Under-funded, under-programmed, under-trained, poorly-equipped and overwhelmed by partisan and special-interest challenges, the industrial relations management personnel in the country are professionally pushed into a corner, with some unionists having party and interest-group connections and flexing muscle, shouting from the rooftop, and in some cases assaulting management personnel. Morale is low, tension is high, and productivity is flat. As though this dismal scenario were not enough, some politicians and operatives, including some legislators, verbally, physically and symbolically take law in their own hands and indulge in savaging field-level public personnel from time to time. The wrongdoers at times do not even get a slap on their wrist
The personnel operate in an over-politicised, overcharged, partisanised and unprofessional milieu, with some politicians and pressure groups using their clout, some employees in management being bought, co-opted, intimidated and silenced, and other personnel feeling pitted against a mighty, visible and vocal group, and long-observed industrial relations practices being thrown into a tailspin.

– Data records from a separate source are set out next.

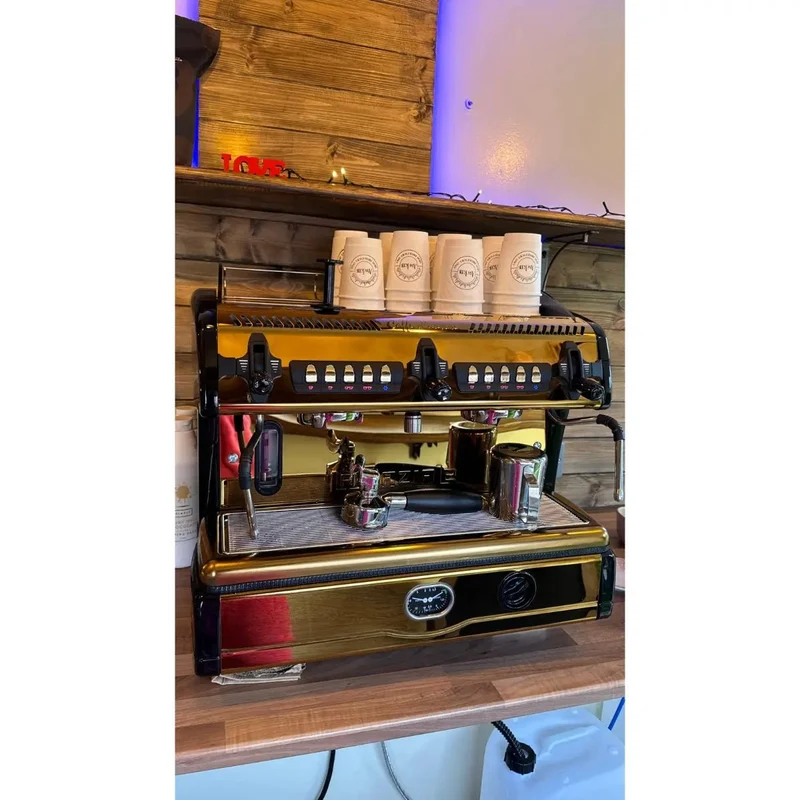 La Spaziale S5/S5 Takeaway EK 2,3,4 Group Espresso Machine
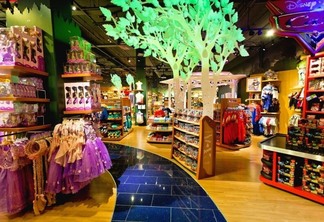 Disney Store em Orlando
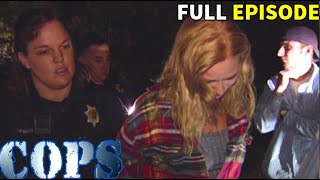 COPS TV Show 2023  One for the Road  COPS FULL EPISODE [upl. by Annaujat707]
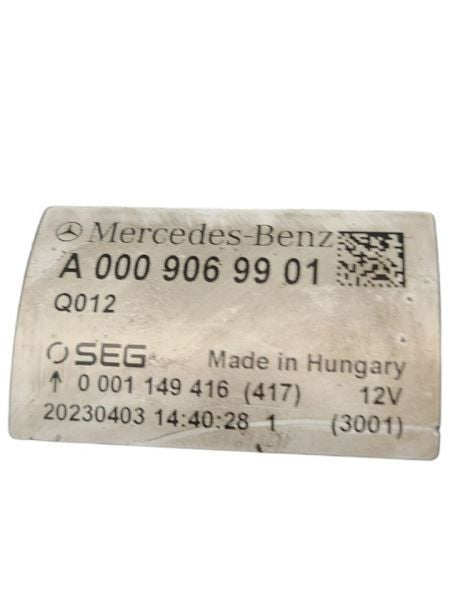SPRINTV25 2011 Starter Motor 593902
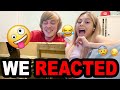 SML Movie: Jeffy's Big Mess REACTION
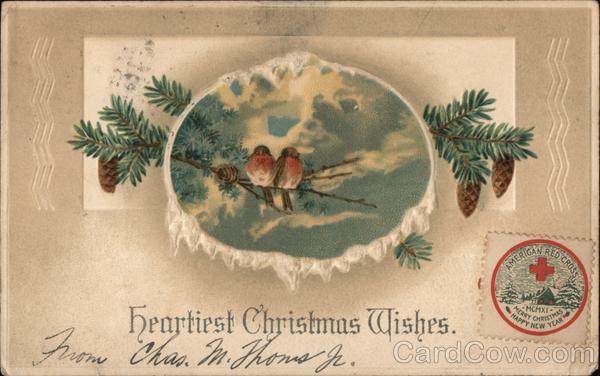 Heartiest Christmas Wishes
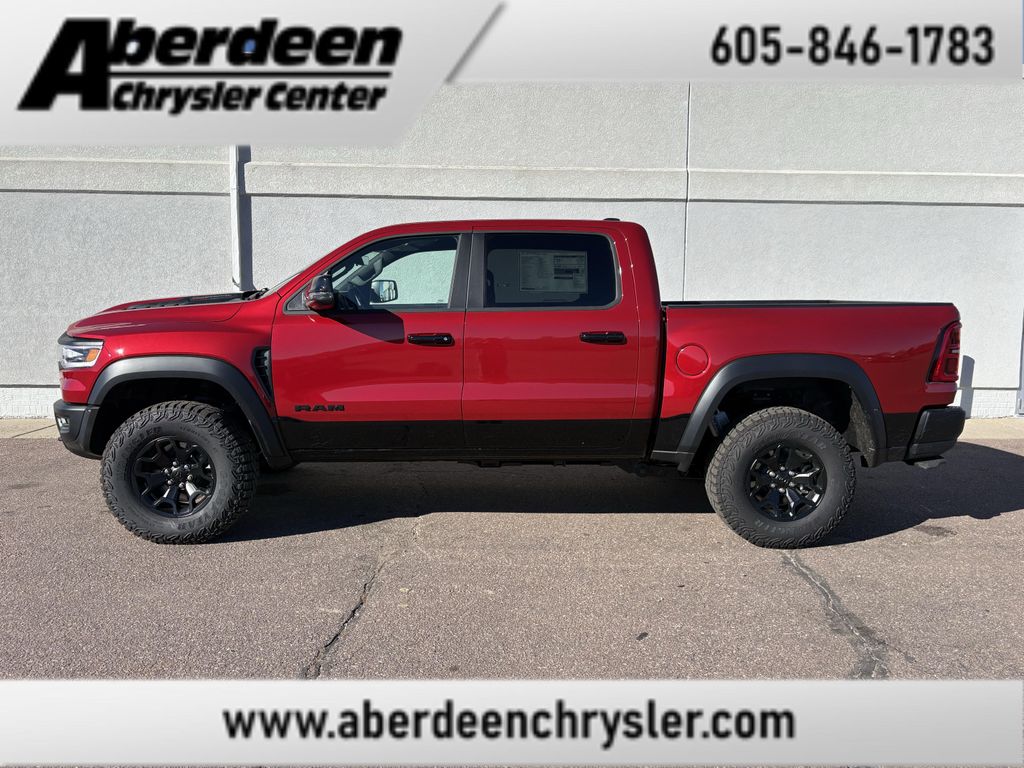 New 2027 RAM 1500 RHO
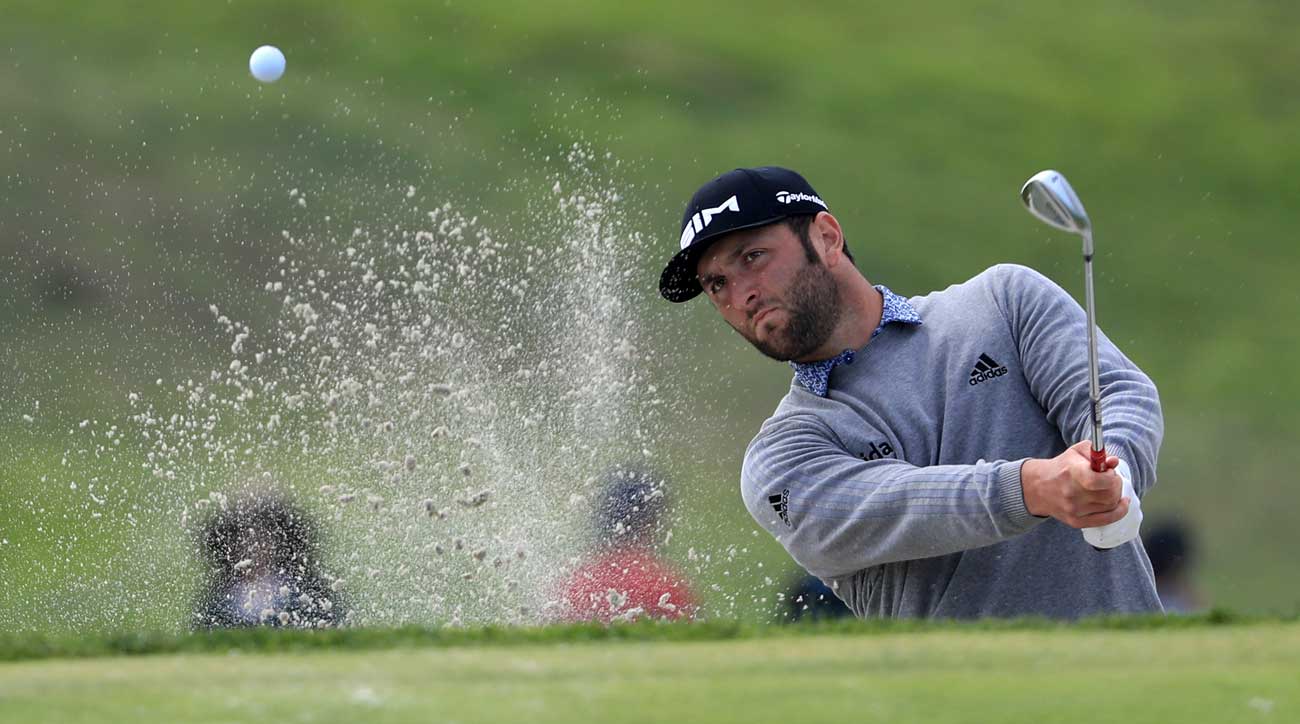 Jon Rahm Waste Management Phoenix Open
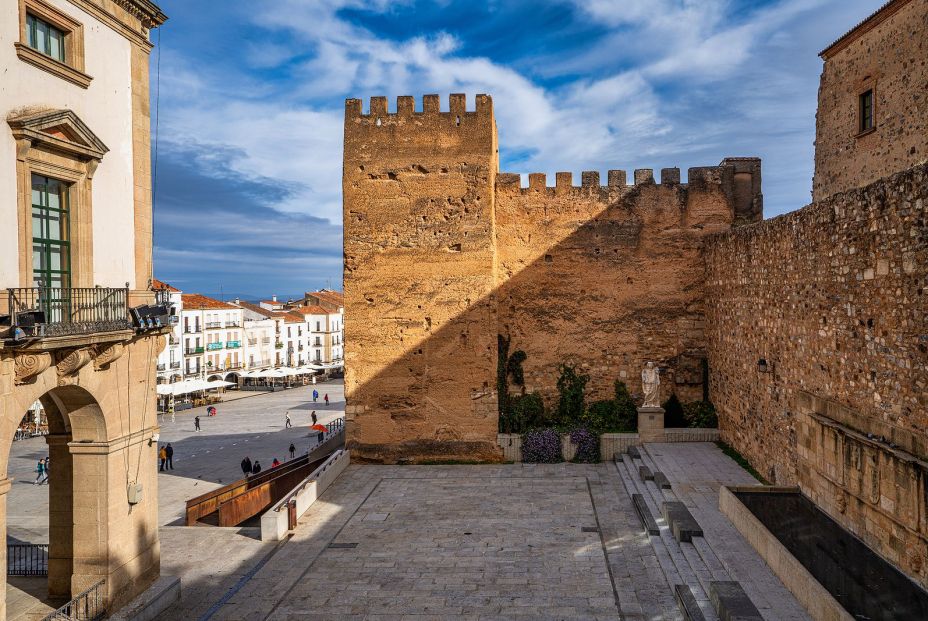 bigstock Caceres SpainNovember377839099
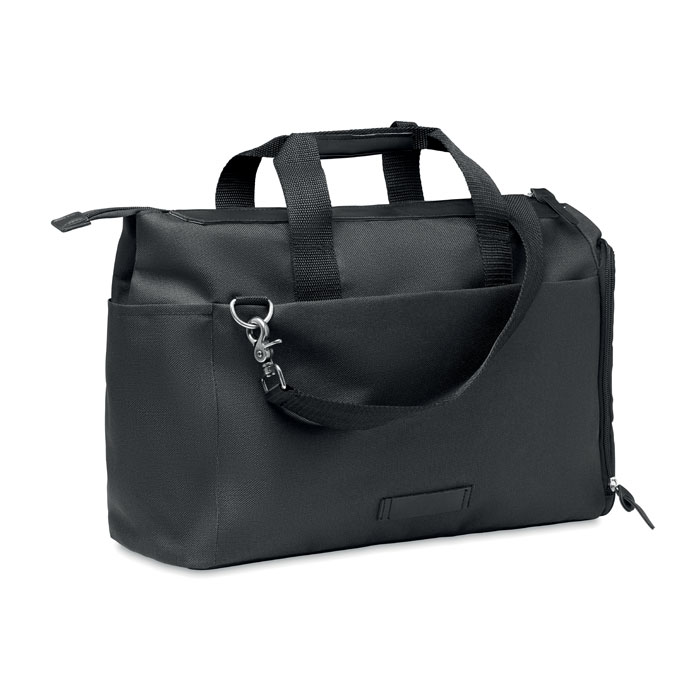 RPET Kurier-Tasche mit Laptopfach - Westerstede 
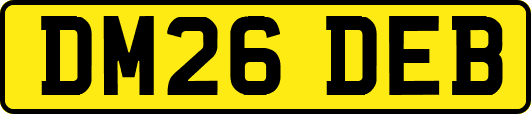 DM26DEB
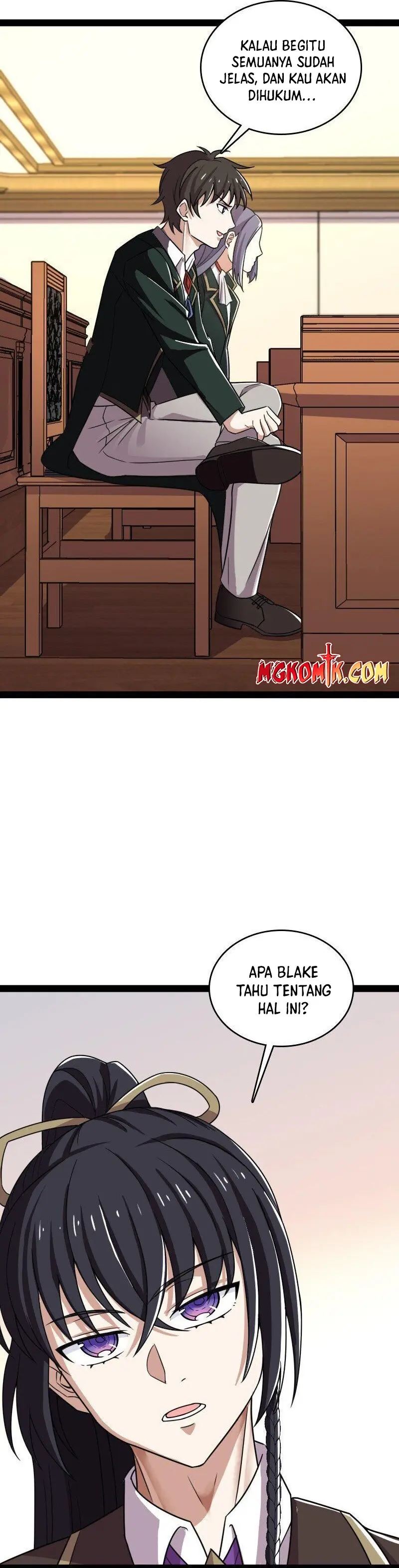 The Life After God Of Martial Lived In Seclusion Chapter 237 Gambar 15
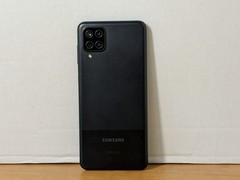Samsung Galaxy A12 SM-A125U- 32GB Black GSM Smartphone Cell Phone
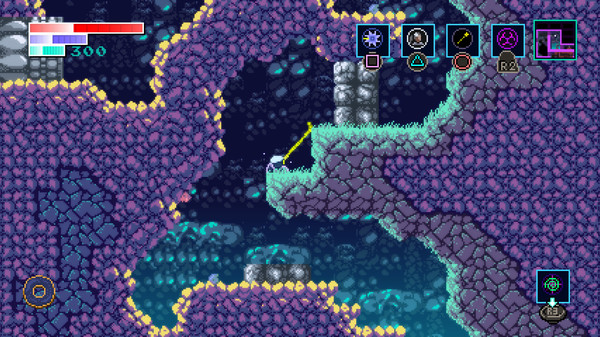 《公理边缘2 Axiom Verge 2》中文版百度云迅雷下载10518417 《公理边缘2 Axiom Verge 2》中文版百度云迅雷下载10518417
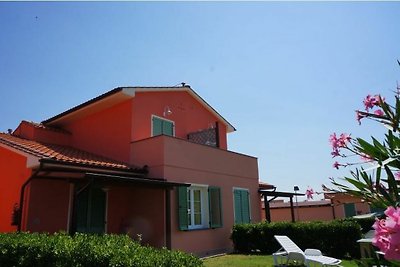 Residence Rosa dei Venti Bungalow Levante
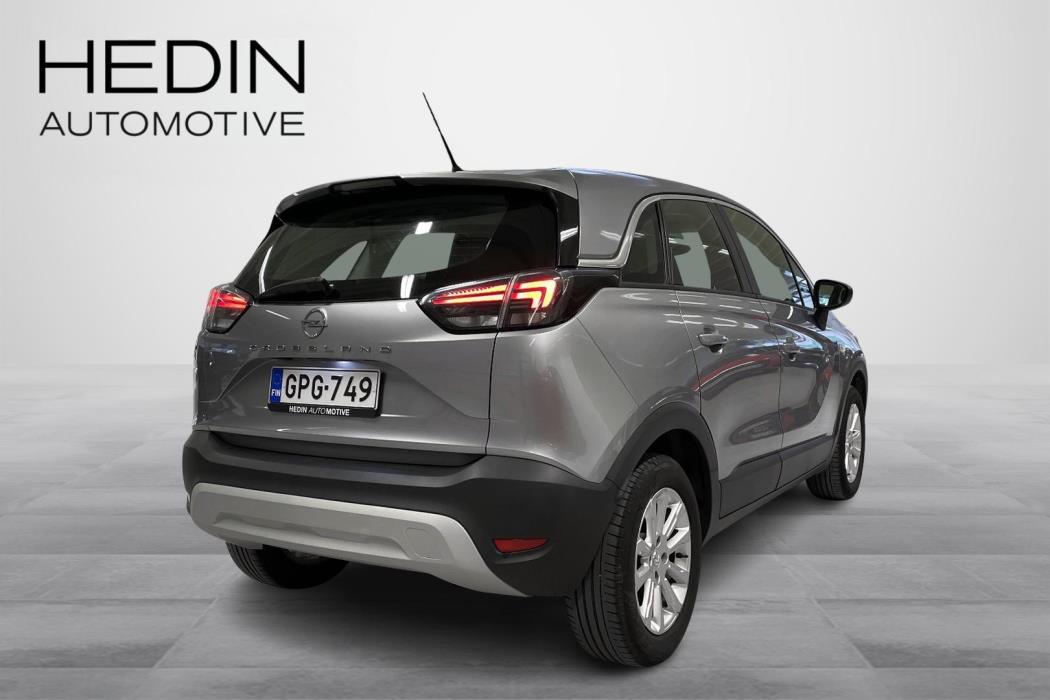 Opel Crossland 2023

The stark facts are that industrial relations in Bangladesh operates in the shadow of party and interest-group politics, no major decision can be taken without reaching political understanding in advance, the process is not independent and professional, it is an extension of party politics, and the union representatives having strong party connections are nearly all party operatives in one way or the other.
Employer representatives — many of them in all the sectors and sub-sectors and in the country as a whole — can be, and often are, haughty, distant and contemptuous and tend to be noisy and uncooperative The class tension, social distinction and power distance between employers and employees at the negotiation process are often palpable. The distance, real as well as perceived, between the two groups is considerable and an us-them divide and a zero-sum game are at play in one way or the other. Bullying and terrorising are not uncommon, and threat, intimidation, abuse and outburst loom large. There are exceptions. Even so, it is time for responsible and people-friendly unions and responsive management to put their act together.
Dr Jamal Khan was professor of public sector management at the University of the West Indies.